* _Data for analysis_

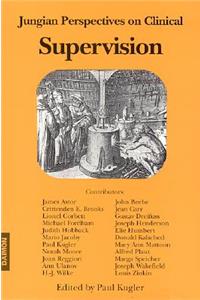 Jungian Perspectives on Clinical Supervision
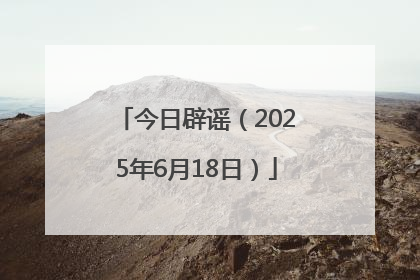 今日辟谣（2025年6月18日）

--

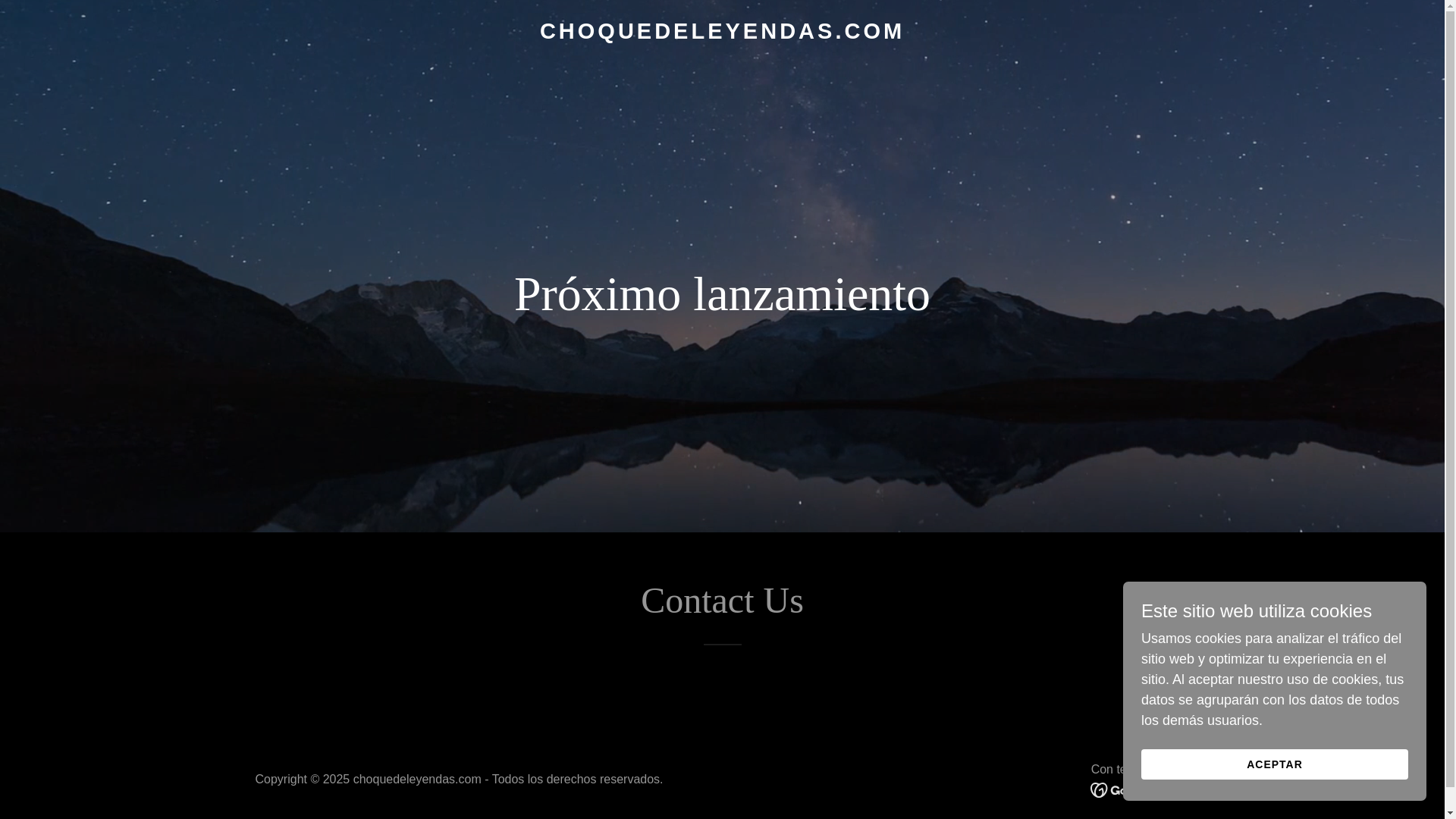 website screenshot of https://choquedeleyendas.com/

* _Problem_
Your copy should hold only the lines above from the one containing "Jungian Perspectives on Clinical Supervision" through the one containing "今日辟谣（2025年6月18日）", exactly as written and free of pictures.

* _Exercise response_
 Jungian Perspectives on Clinical Supervision
 今日辟谣（2025年6月18日）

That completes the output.